Input material —
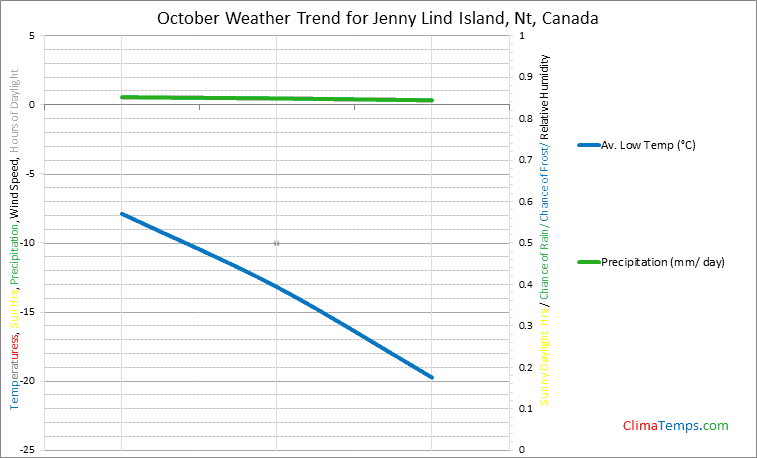 Graph of weather in Jenny Lind Island, Nt in October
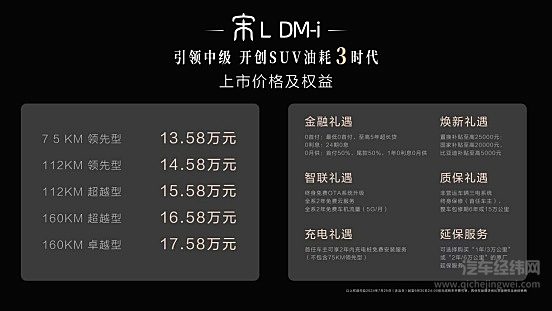 宋L DM-i震撼上市13.58万元起 大小宋双车绝杀合资燃油SUV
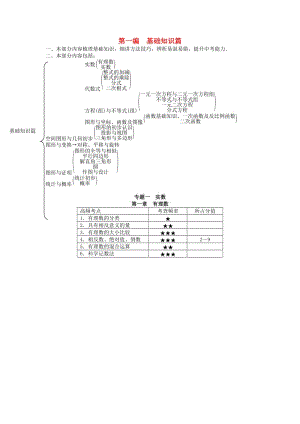 中考數(shù)學(xué) 知識(shí)點(diǎn)聚焦 第一章 有理數(shù)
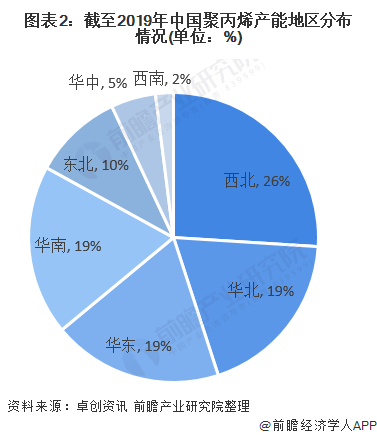 图表2：截至2019年中国聚丙烯产能地区分布情况(单位：%)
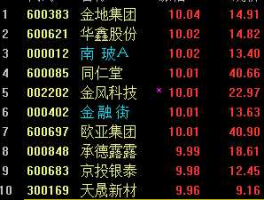 和讯股吧？请问哪个网站的财经信息比较全面，特别是上市公司和行业的信息？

Task instructions — Extract the full listing exactly, with the pictures left out.

Solution for this exercise —
 Graph of weather in Jenny Lind Island, Nt in October
 宋L DM-i震撼上市13.58万元起 大小宋双车绝杀合资燃油SUV
 中考數(shù)學(xué) 知識(shí)點(diǎn)聚焦 第一章 有理數(shù)
 图表2：截至2019年中国聚丙烯产能地区分布情况(单位：%)
 和讯股吧？请问哪个网站的财经信息比较全面，特别是上市公司和行业的信息？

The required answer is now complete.